Cape Town - The South African Rugby Union (SARU) reported a pre-tax profit of R24m in 2011 – a year during which participation at the IRB Rugby World Cup traditionally increases costs, while depressing the earning capacity of international rugby federations.

The result was due to an 18% increase in earnings, allied to cost containments in operating expenditure, excluding allocations to provinces.

“It was a year of severe cost cutting, during which we restructured the operational side of SARU to be more streamlined and efficient,” said SARU CEO, Jurie Roux.

“We converted 16 different divisions into seven new departments, more effectively aligned to deliver on our mission to provide outstanding strategic leadership for the business of rugby.
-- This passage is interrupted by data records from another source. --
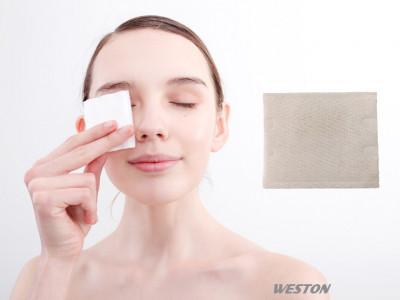 100% Organic Cotton Puff Makeup Facial Soft Cut Cotton Unbleached Cotton Pads
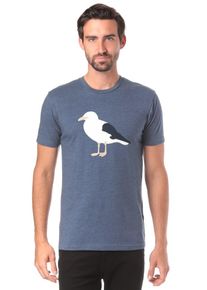 Cleptomanicx, Herren T-Shirt 'Gull 3', Taubenblau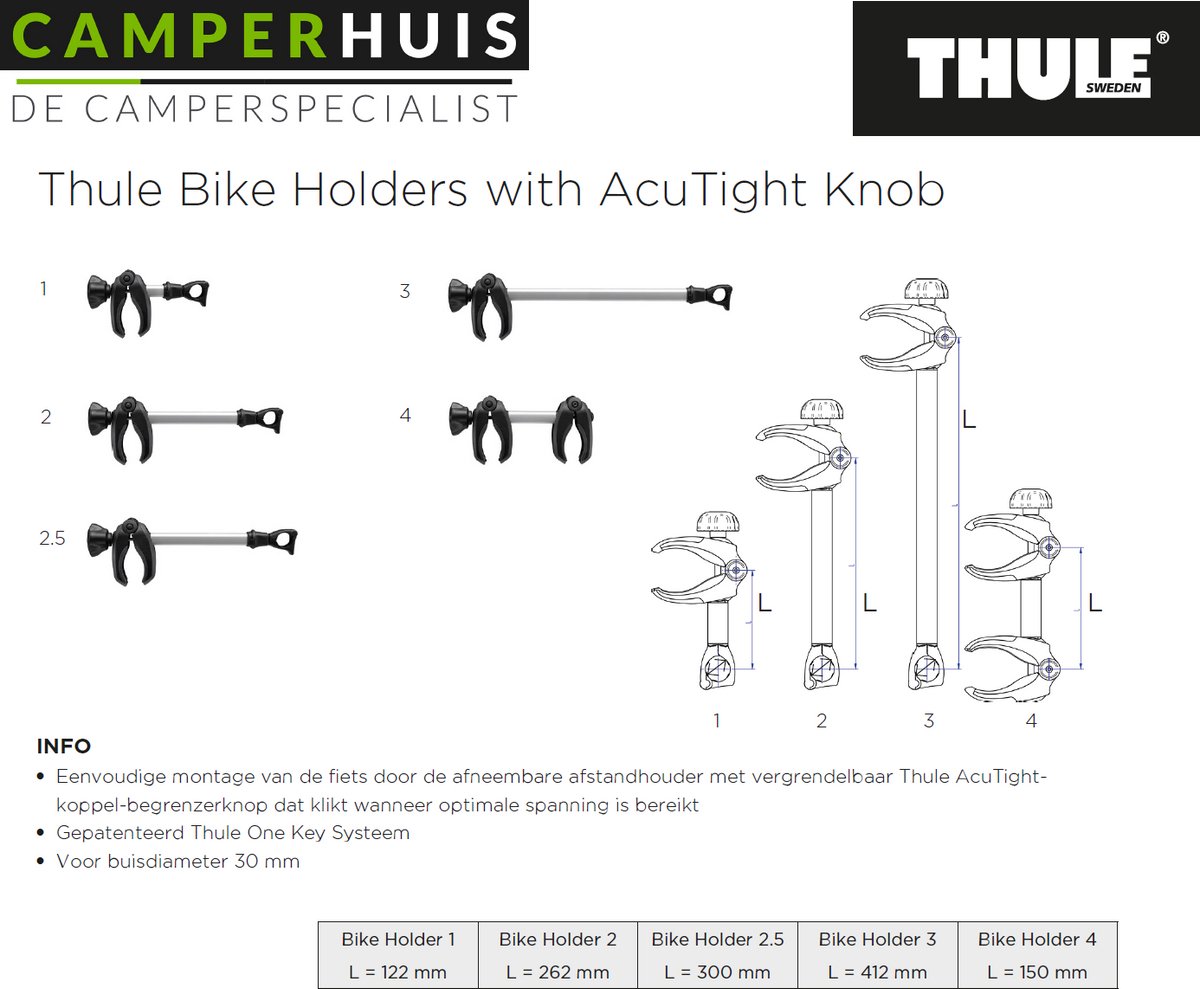 Thule Bike Holder 2.5 - Afsluitbaar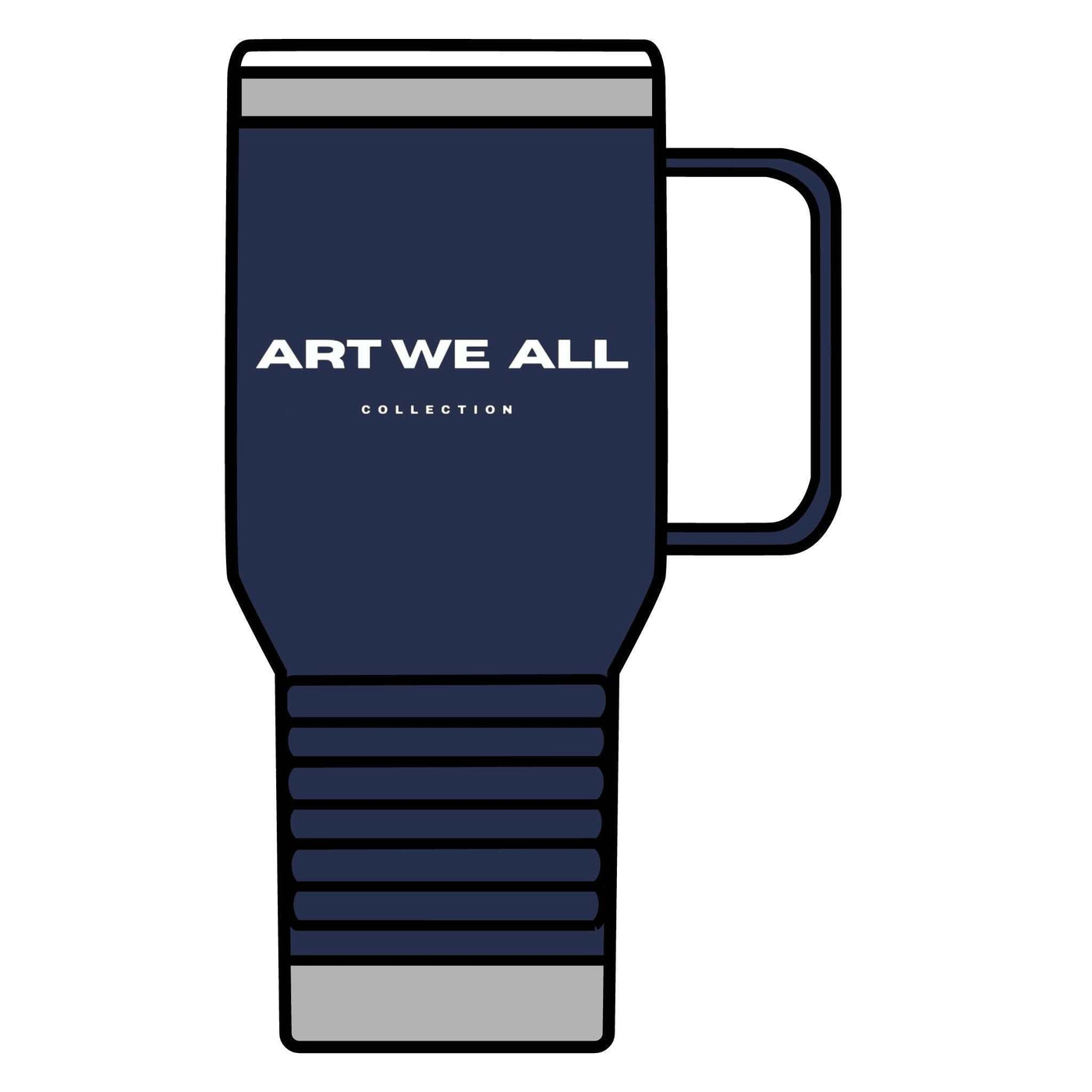 Stay stylish and hydrated on-the-go with this ART WE ALL COLLECTION Travel Mug, 20oz. Whether you're commuting to work or going on a road trip, this double-wall insuART WE ALL Printify20oz Travel Mug - ART WE ALL COLLECTION20oz Travel Mug - ARTMug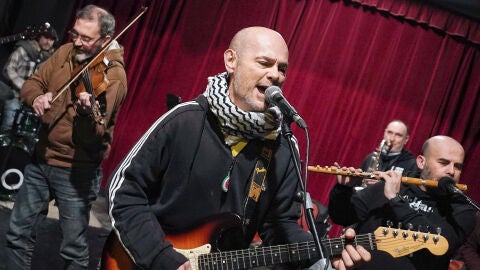 Celtas Cortos durante los ensayos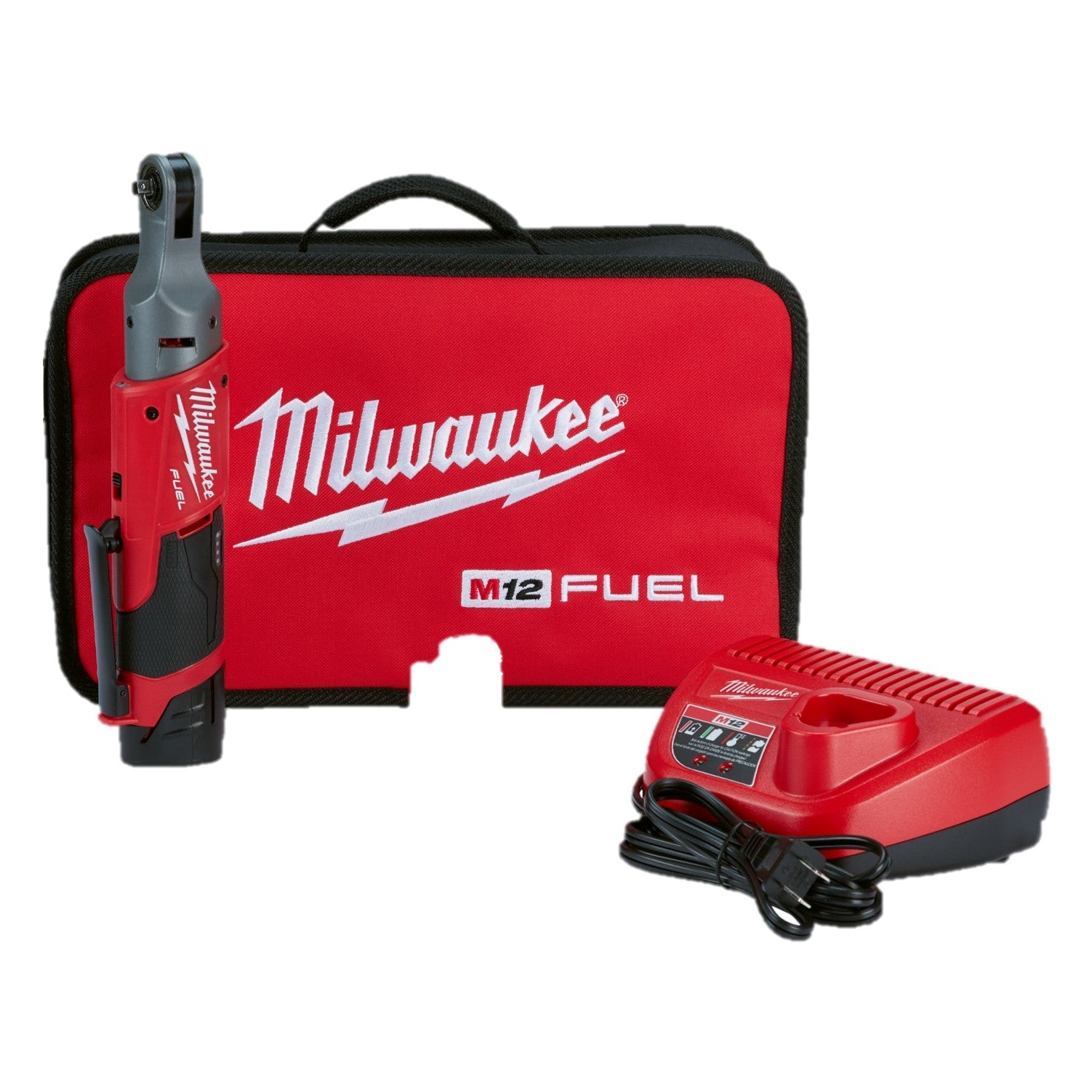 Milwaukee 2556-21 M12 FUEL™ 1/4 Inch Cordless Ratchet (Tool Only) - Perfect for Automotive Repairs, DIY Projects & Tight Space Fastening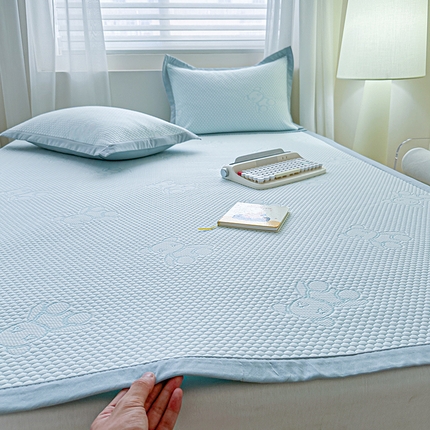 91家纺网 家纺一手货源 找家纺 （总）源舜家纺 2025新款凉感豆豆纯色冰豆熊软凉席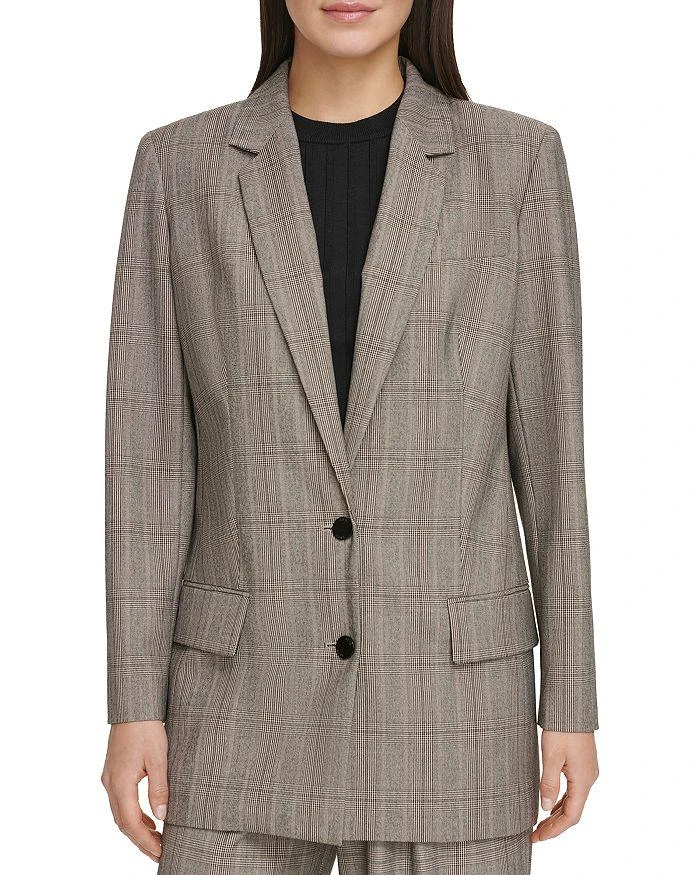 商品DKNY|Two Button Plaid Blazer,价格¥416,第1张图片详细描述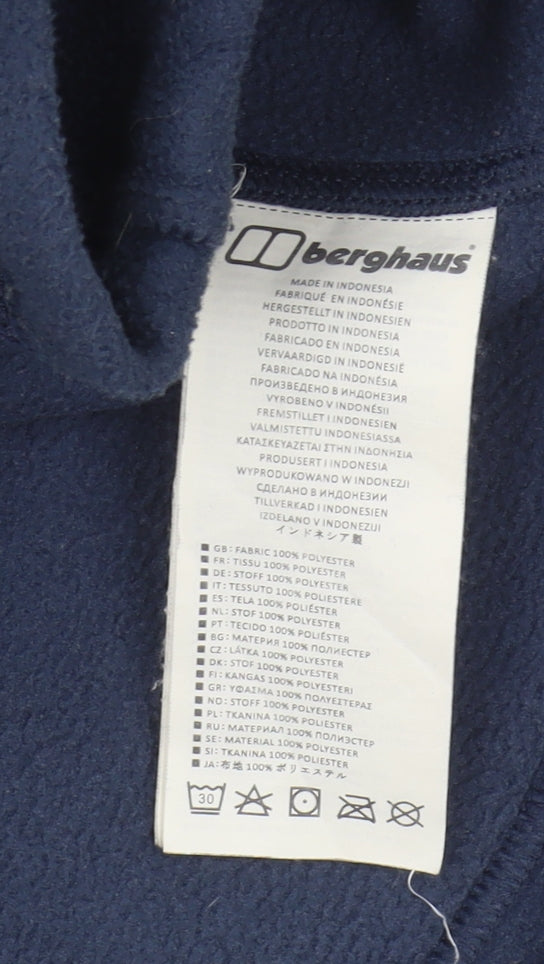 Berghaus Men’s Blue Fleece Jacket, Size L, Full Zip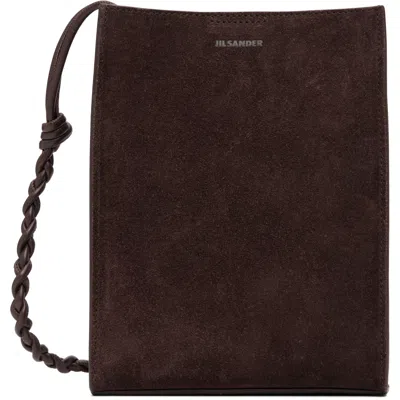 Jil Sander Brown Tangle Small Pouch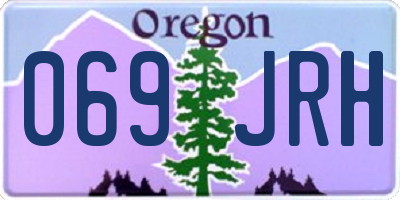 OR license plate 069JRH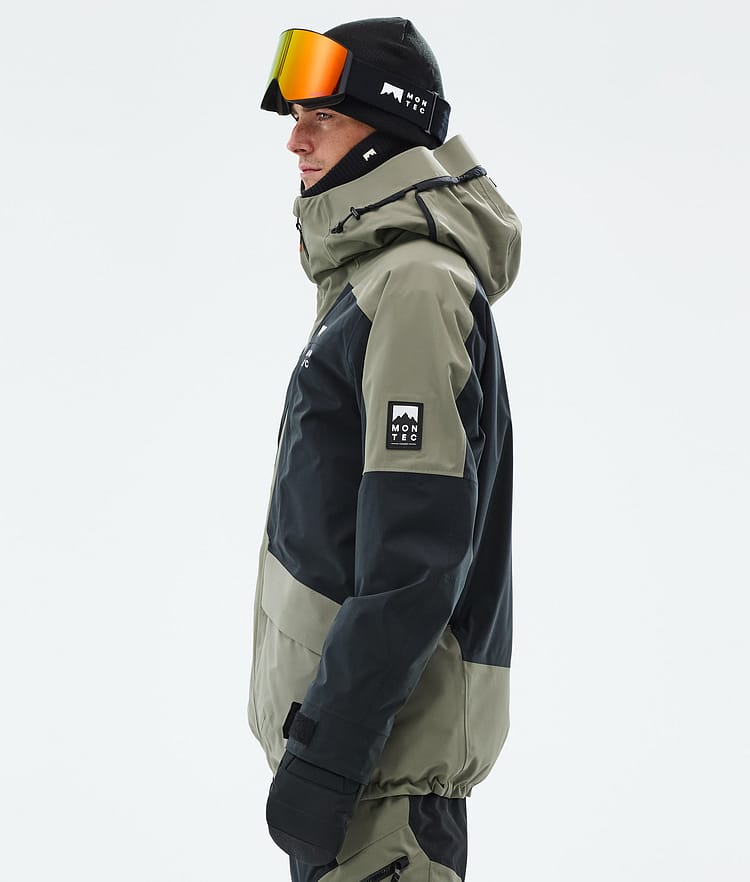 Morpheus Snowboard Jacket Men Greenish/Black, Image 6 of 10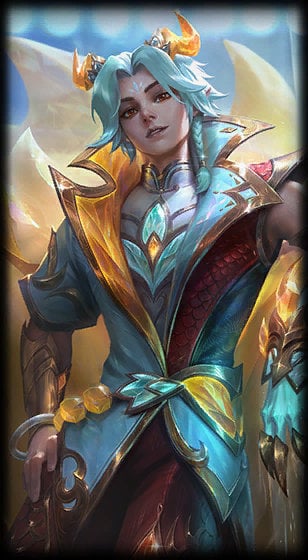 Prestige Heavenscale Ezreal loading screen art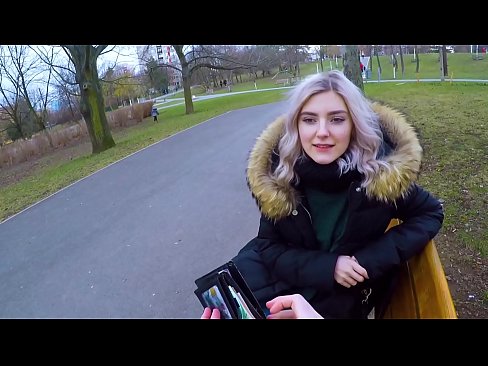 ❤️ Глытае гарачую сперму незнаёмца за грошы - мінет у парку ад Евы Эльфі ️  Сэкс у нас ❌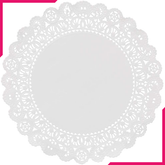 Doilies Baking Paper Mats 50Pcs - bakeware bake house kitchenware bakers supplies baking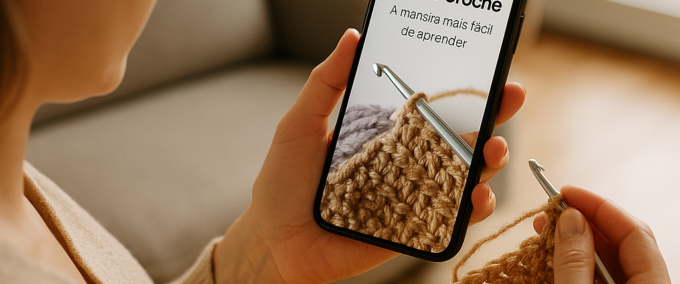 App de Crochê: A Maneira Mais Fácil de Aprender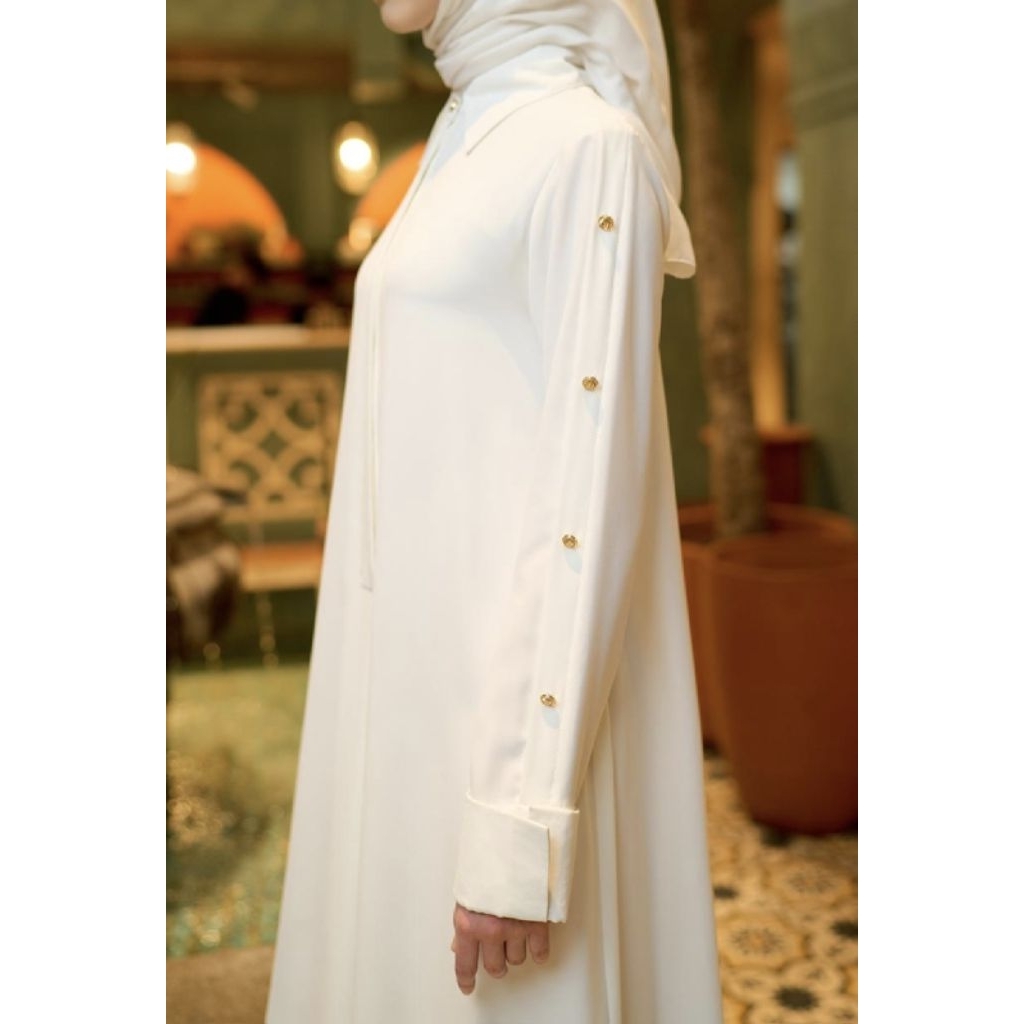 Zerina Banu - Zafira Dress broken white BARU no preloved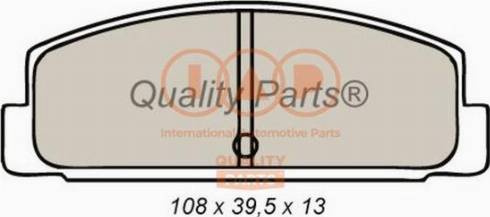 IAP QUALITY PARTS 704-11026X - Bremžu uzliku kompl., Disku bremzes www.autospares.lv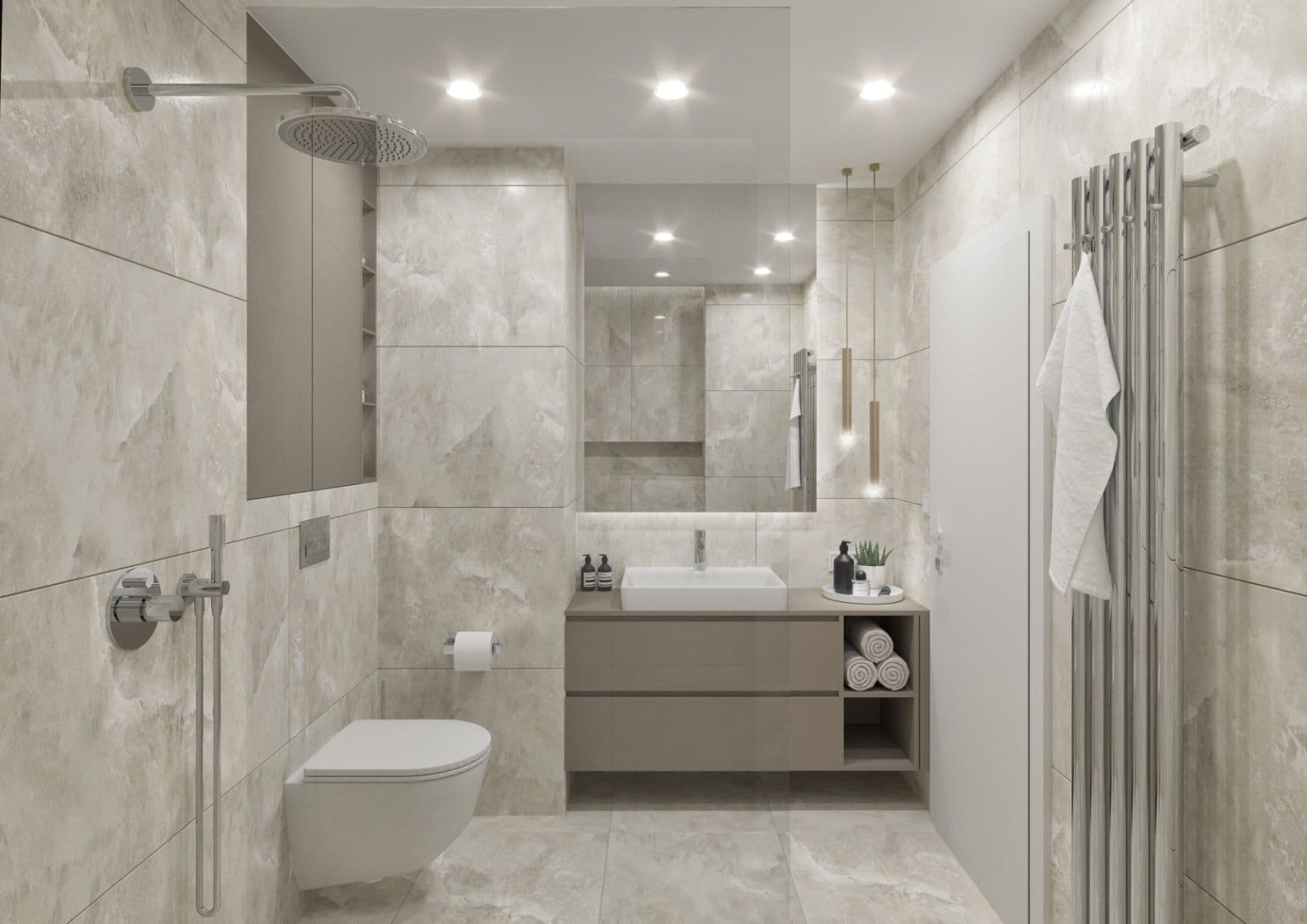 1 bedroom with open-plan kitchen flat for sale, 49 m², Záhřebská, Prague, Prague 1 bedroom with open-plan kitchen flat for sale, 49 m², Záhřebská, Prague, Prague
That we were able to do it while containing costs was doubly pleasing.” 

Total operating expenditure increased by 12%, largely due to a 76% increase in broadcasting rights allocations to provinces.
The increase in operating expenditure however, excluding broadcasting rights allocations to provinces, was contained to only 2%, well below the prevailing inflation rate.

Group revenue grew to R597m (from R505m in 2010) due mainly to a significant increase in revenue from broadcasting rights at the start of a new five-year contract.

Sponsorship income grew by 11% as a number of contract renewals were confirmed and new sponsors became involved or others increased their rugby portfolio.

The jump in pre-tax profit from an operating loss before taxation of R5.4m, 12 months ago, was in line with SARU expectations.

“We had forecast a reasonable profit for 2011 and the eventual outcome was ahead of our expectations,” said Basil Haddad, SARU’s chief financial officer. “Given that the new broadcasting agreements and a number of new sponsorship agreements, which commenced in 2011, are essentially fixed until 2015, and that operating cost containment continues to be an operational priority, it is likely that that a reasonable profit will be achieved in 2012.”

“We have set ourselves an annual profit target of not less than 5% of annual operating costs, excluding rights allocations to provinces,” said Haddad. “The aim is to build up sufficient cash reserves in order to weather unforeseen growth in expenses beyond inflation.”

SARU’s full financial statements will be presented to the Annual General Meeting in Cape Town on March 30.